Sudden sprouting of ISPs gives consumers a choice 

 
It's been a happy season for Indian Internetters. The last seven months has seen the market simply explode with options. From one single commercial internet access provider (IAP), today you have around a dozen all over the country. And many more are just itching to get going.

Announcements are being made that cable-delivered-internet access is going to be upon us very soon -- more precisely in a month's time if one is to believe government sources in Bangalore. Siticable says it is going to beat the rest of the cable operators in the business and be the first with internet access. How it will be able to offer a good enough service with its primitive infrastructure and high cost of cable modems and TV Internet devices, only its management knows.

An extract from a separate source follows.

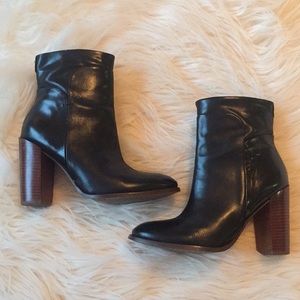 Ivanka Trump Booties 7 1/2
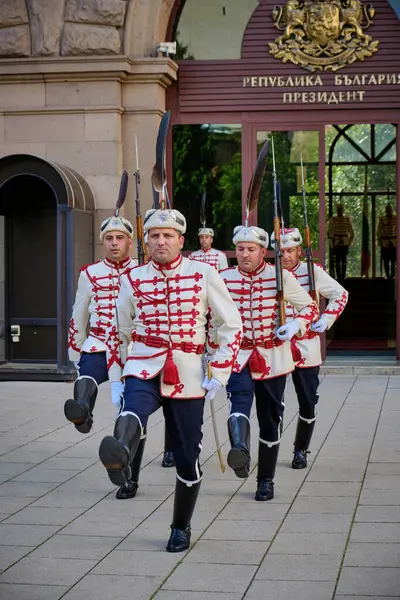 保加利亚索菲亚 2023年9月22日 城市中央广场的皇家卫兵换人 Editorial — 图库照片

There has been cheer for Internetters wannabes on another front: Computer prices have been falling. This has encouraged a spurt in the number of internet subscribers which has risen to close to 400,000 (or is it 450,000) as against below 200,000 hardly last year.The number of users in the country has well gone past the 1 million mark quite some time back thanks to cyber cafes and institutions, which give their employees internal e-mail.

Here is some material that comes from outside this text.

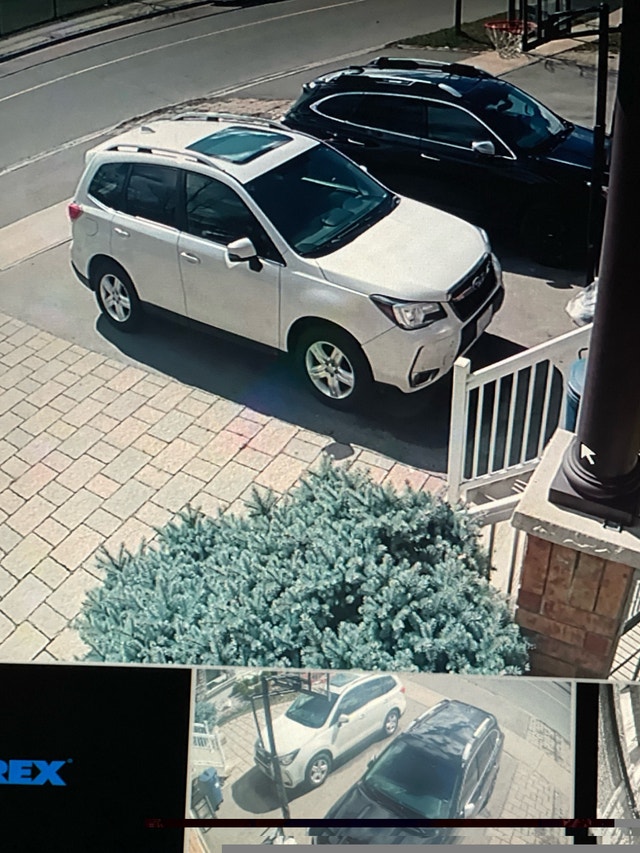 Lorex Security System with 6 Cameras - photo 2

On another front, you have had VSNL reacting to competition from private companies and flagging off 25-hour accounts. VSNL has also automatically upgraded all shell accounts to TCP/IP. (Quite a few shell account holders are cursing that they paid to upgrade to TCP/IP earlier. That too at a hefty price of Rs 10,000 for 500 hours as recently as last year. This writer surrendered some 83 hours of shell account time to the ISP. )

MTNL has announced that it will provide a telephone line free for new subscribers to its internet services, surely igniting the interest of those sitting on the internet fence, undecided whether they should take the leap into cyberspace or not. This move by MTNL will result in new subscribers saving Rs 3,000 in telephone line registration fees.

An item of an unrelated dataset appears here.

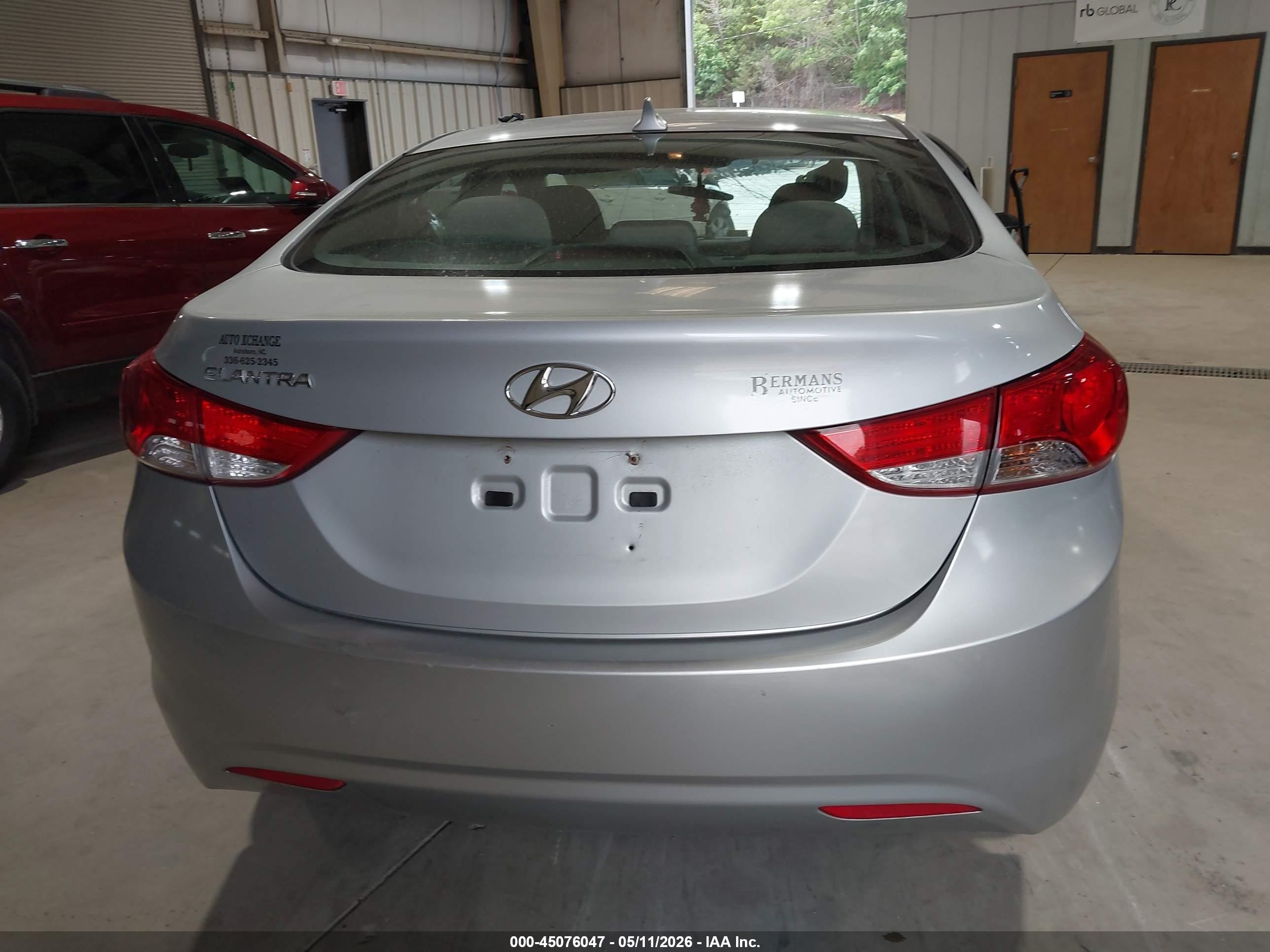2011 Hyundai Elantra Gls Silver vin: 5NPDH4AE4BH012864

Internet buffs can also check their e-mail on mobile phones,apart from having their e-mails read out to them. Indian internet content has also started proliferating on the WWW though most of it is being hosted on servers situated in the US. Sadly, the quality of access service continues to be middling to poor to shoddy. This is one aspect that really needs sprucing up. Regulating service quality through ISP standards is obviously not the way to go, but something has to be done about this by the authorities. This writer stayed connected for hours and hours together on AOL in Paris and in New York, New Jersey. And mind you AOL's not the best of access service providers.

In India, disconnects are still frequent, dial-up access is difficult, leased lines are still too expensive excepting for the extremely deep pocket too afford.

Hopefully, by the time the next status report on the internet in India is written the access quality will rise to such standards so as to merit several decorative stars.

A farewell to Iridium?

A chapter in the chaotic history of themuch-toured but much stumbling Iridium project has ended with the resignation of its Indian chief Jaydev Raja. Raja resigned owing to personal reasons and he said that he would have put in his papers long ago had it not been for the fact that he saw in the Indian arm of the Iridium project quite a challenge.

Several professionals believe that Iridium will get a kick start without Raja. That will depend on who Iridium finds as a replacement.

Whatever be the case for Iridium to succeed in India, the company will have to take a stand to lower prices of handsets and also prices of calls. Otherwise instead of writing a farewell to Raja, industry writers will be penning an obit for the Iridium service in India.